Depuis le début, la thèse officielle est que les moines ont été enlevés, détenus et
exécutés par un groupe islamiste terroriste, que les autorités algériennes ont tout
fait pour essayer d’empêcher cela et après « circulez, il n’y a rien d’autre à voir
». Or, on découvre aujourd’hui à travers un certain nombre de témoignages que l’enlèvement
lui-même a certes été effectué par un groupe islamiste -personne ne le conteste –mais
sur ce groupe islamiste, il y a beaucoup d’interrogations pour savoir s’il n’était
pas infiltré, voire manipulé. Et là, il y a quand même des éléments d’investigation
qui restent à accomplir parce qu’il y a des doutes qui sont très forts sur les circonstances
de l’enlèvement et sur les auteurs exactes de l’enlèvement. Après, il y
a eu la détention des moines pendant environ deux mois et on voit très bien qu’ils
ont circulé, ils ne sont pas toujours restés au même endroit.
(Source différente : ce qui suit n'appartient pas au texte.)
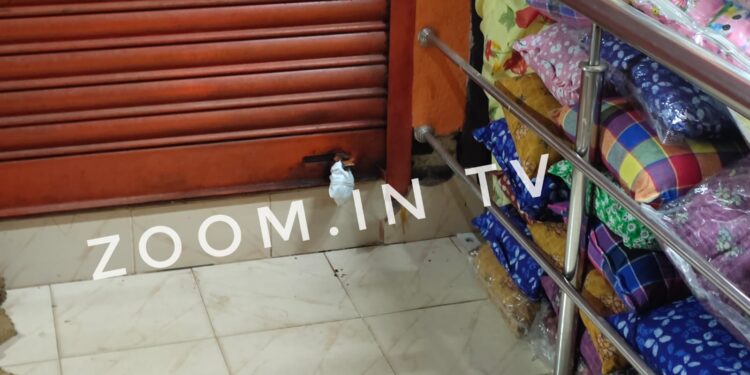 ಮತದಾರರ ಗುರುತಿನ ಚೀಟಿ ಅನಧಿಕೃತ ವಿತರಣೆ ಆರೋಪ : ಪುತ್ತೂರಿನ ಜನಸೇವಾ ಕೇಂದ್ರಕ್ಕೆ ಎಸಿ, ತಹಶೀಲ್ದಾರ್ ದಾಳಿ..!!!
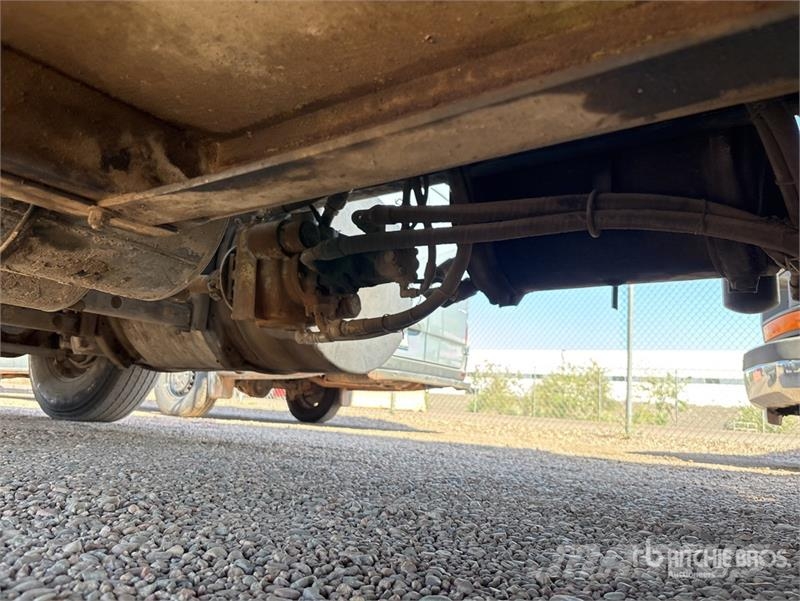 International on  International 8600 6x4 Asphalt Distributor Tru Autocisterna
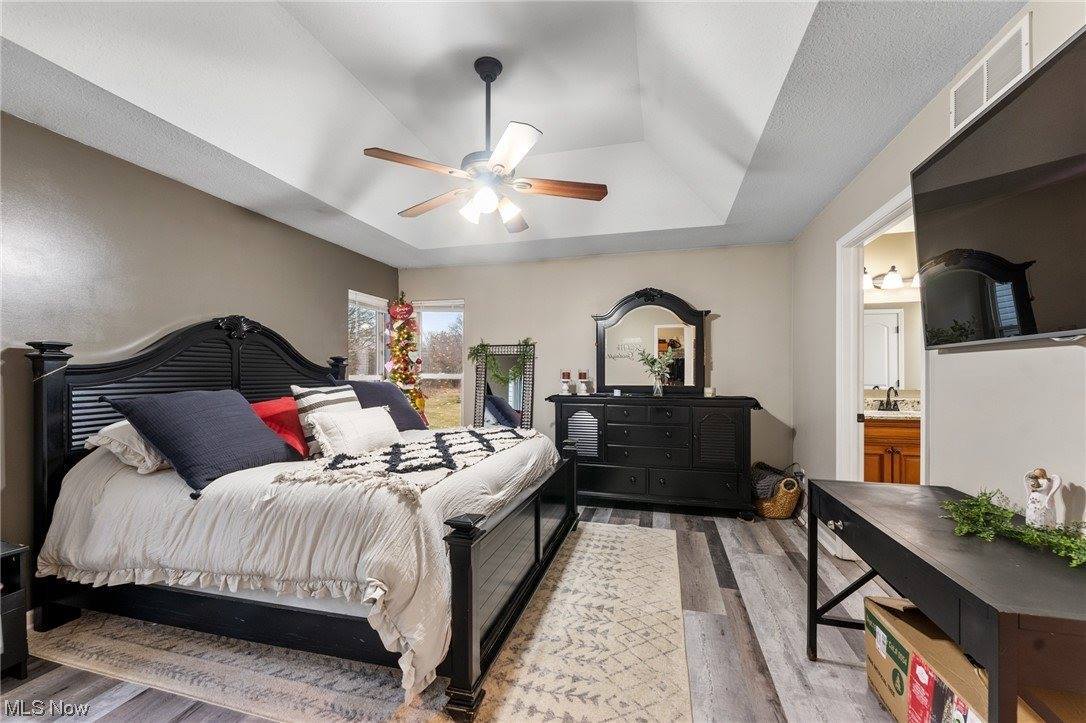 6444 Bay Meadow Court, Austintown, OH 44515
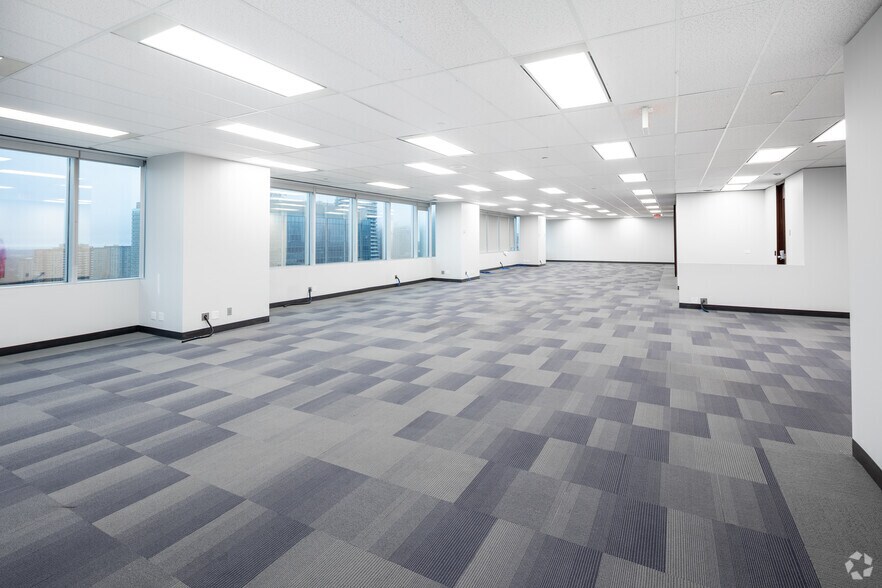 More Photos Of 1 Robert Speck Pky, Mississauga Unknown For Sale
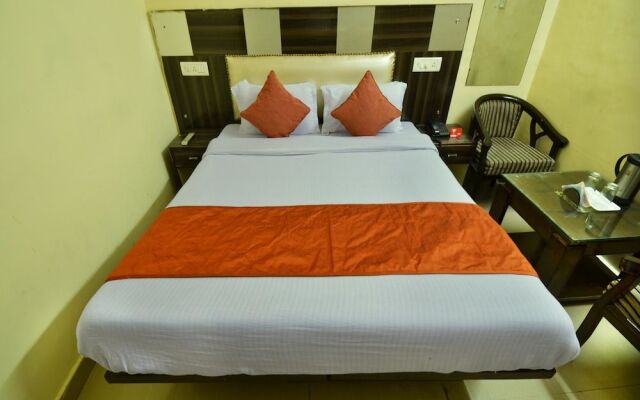 OYO 8073 Grand Residency
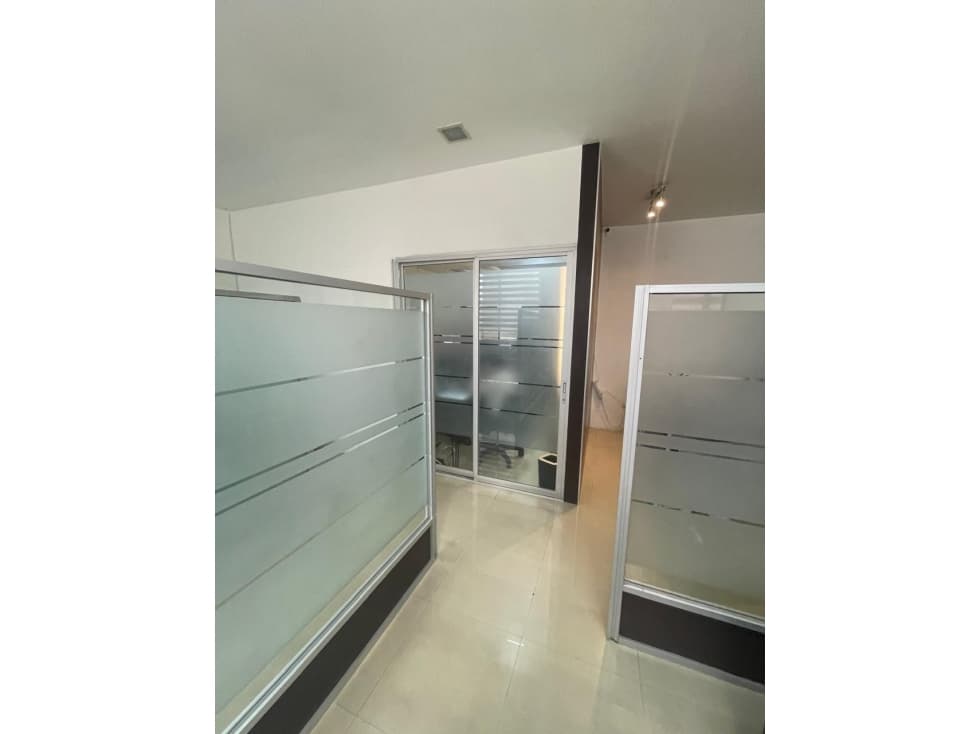 CA_MGAF OFICINA AMOBLADA CERCA DEL HILTON COLON — foto 4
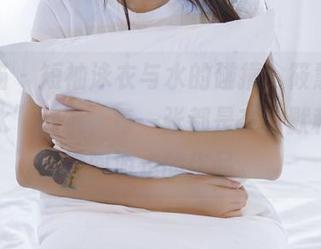 轰趴猫 - 短袖泳衣与水的碰撞,筱慧的“死库水”精选,每一张都是在幽默和优雅之间游走的作品。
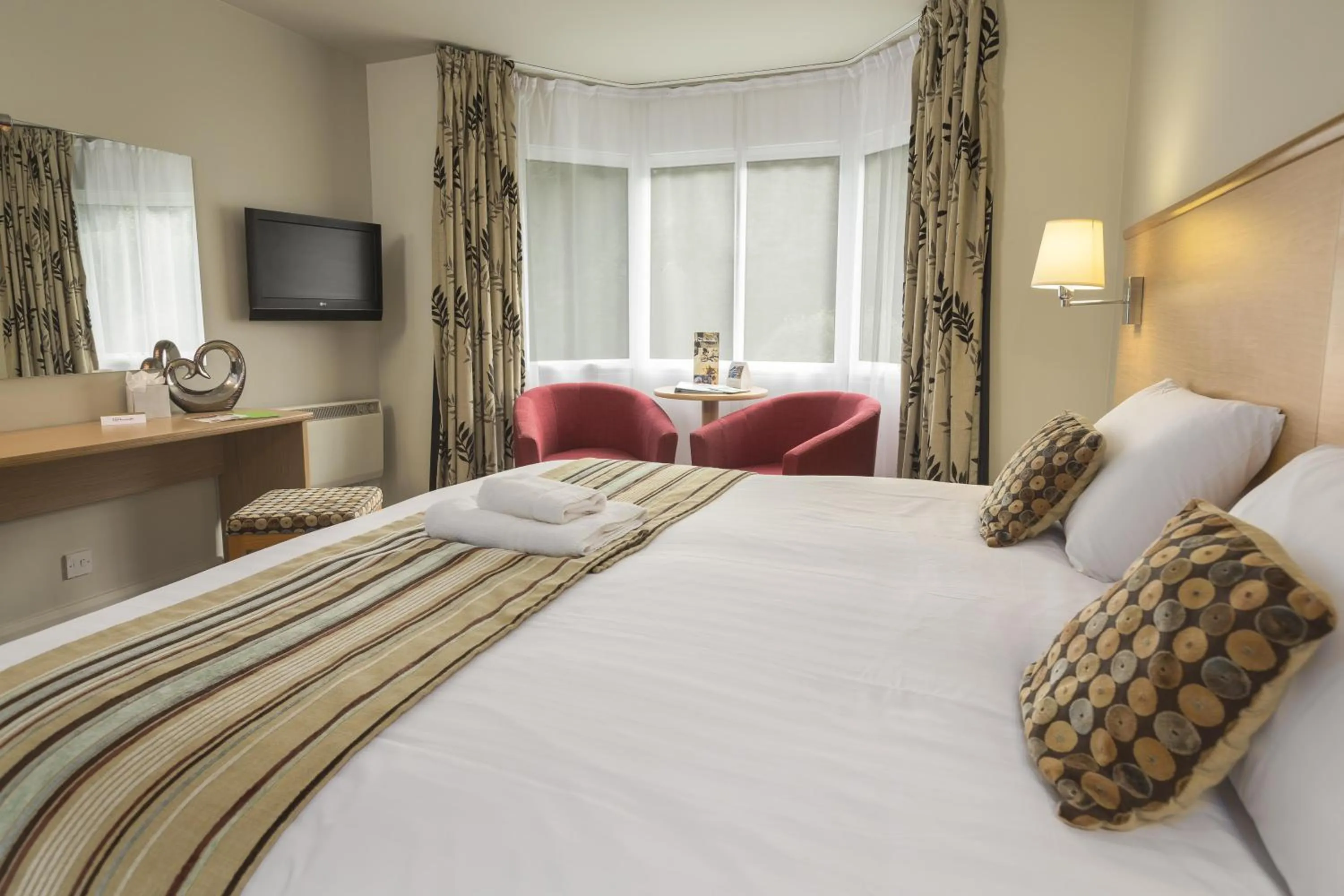 Property building, Bed in Best Western The Dartmouth Hotel, Golf & Spa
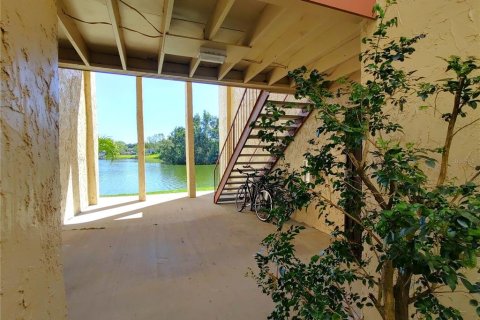 Condominio en alquiler en Altamonte Springs, Florida, 2 dormitorios, 116.31 m2 № 1876688 - foto 29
Et on voit que les autorités
algérienne savaient très bien où ils se trouvaient, là aussi à travers toute une série
d’éléments de l’instruction. Et enfin, sur l’assassinat des moines, il y a notamment
les déclarations de l’officier de liaison français à Alger, le général Buchwalter
qui fait état qu’il y aurait eu des tirs d’artillerie des hélicoptères de l’armée
algérienne qui aurait pu être à l’origine de la mort des moines. Et même
si cette version n’est pas la bonne, reste une interrogation très forte : Pourquoi
les autorités algériennes, lorsqu’elles ont annoncé la mort des moines, ont indiqué
« on a retrouvé les dépouilles des moines » -ce qui laissait entendre qu’il y avait
les corps- et ont été contraintes -parce qu’on a demandé à voir si les corps étaient
bien dans les cercueils- d’admettre et d’avouer qu’il n’y avait que les têtes. Pourquoi
les autorités algériennes voulaient-elles dissimuler le fait qu’il n’y avait que les
têtes des moines dans les cercueils des moines ? Si ce n’est que peut-être, les corps
des moines n’étaient pas présentables car susceptibles de révéler quelque chose d’important
sur les conditions de la mort.
Quel est le sentiment qui prédomine
chez les familles aujourd’hui ?
Il faut bien comprendre le sens de la
démarche des familles des moines de Thibirine : ce que recherchent ces familles, c’est
nullement la vengeance. Il n’y a aucune haine, aucune animosité particulière. Elles
veulent simplement la vérité pour qu’il y ait la justice, en oubliant pas le fait
que dans cette décennie noire qu’a connue l’Algérie dans les années’90 ,il y a eu
la mort des sept moines français mais il y a eu aussi des dizaines de milliers d’autres
morts, des morts algériens et pour lesquels la vérité, la justice ne sont pas davantage
passées. Donc, c’est cette recherche-là, une recherche très consensuelle,
une recherche voulue d’ailleurs aussi par la population, par le peuple algérien, de
vérité et de justice qui guident les familles des moines de Thibirine pour aller vers
la paix, la réconciliation, tout ce que prônaient les moines …c’est ce message essentiel
qui subsiste. Comme le dit très bien le Père Veilleux qui était le numéro deux de
l’ordre des cisterciens au moment de l’enlèvement et qui est allé à Alger à ce moment-là
: « Nous ce que nous voulons, c’est pardonner, ce n’est pas la vengeance. Mais pour
pardonner, encore faut-il savoir à qui nous devons pardonner ». Et aujourd’hui, il
y a trop d’incertitudes à cet égard, nous voulons donc aller vers la vérité dans un
esprit de pacification et dans un esprit de réelle concorde.